DATA BLOCK -
- - - - -

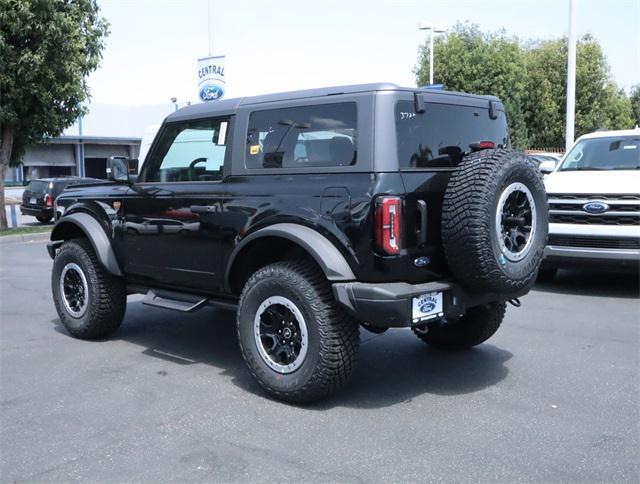 new 2024 Ford Bronco car, priced at $59,847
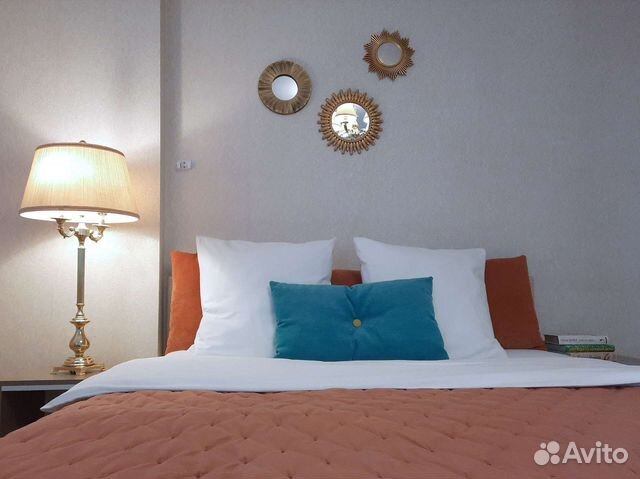 

2-к. квартира, 60 м², 4 кровати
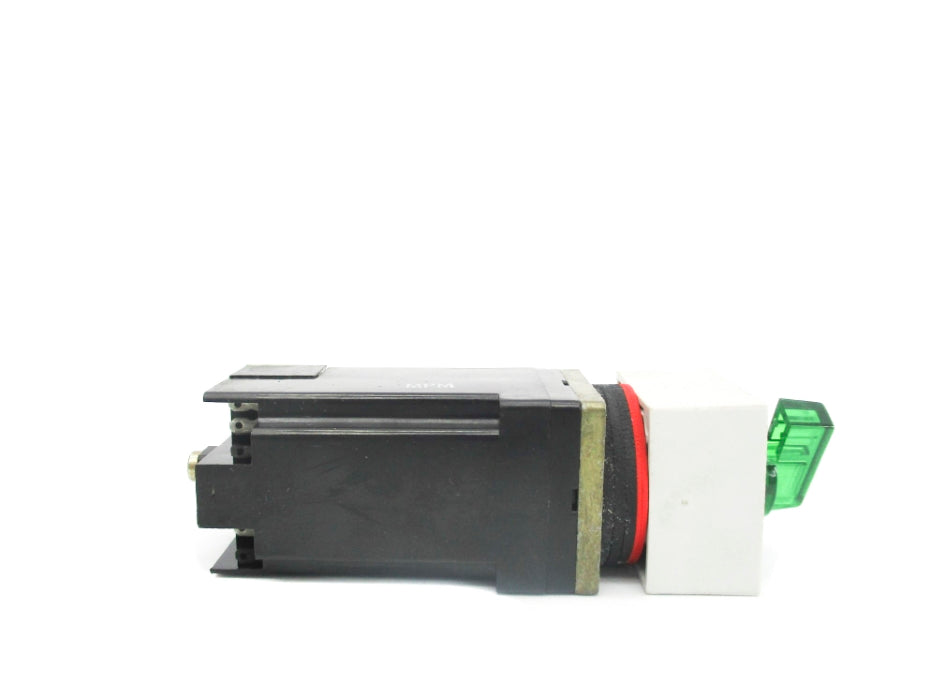 INDUSTRIAL SPARE PART 800MS-16HB2BRA SER. D (BK/YL) NSMP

- - - - -

THE PROBLEM - Would you copy the lines from the one holding "2-к. квартира, 60 м², 4 кровати" down to the last line of the material, both included, exactly and with nothing added, skipping the pictures?

WORKED SOLUTION -
2-к. квартира, 60 м², 4 кровати
 INDUSTRIAL SPARE PART 800MS-16HB2BRA SER. D (BK/YL) NSMP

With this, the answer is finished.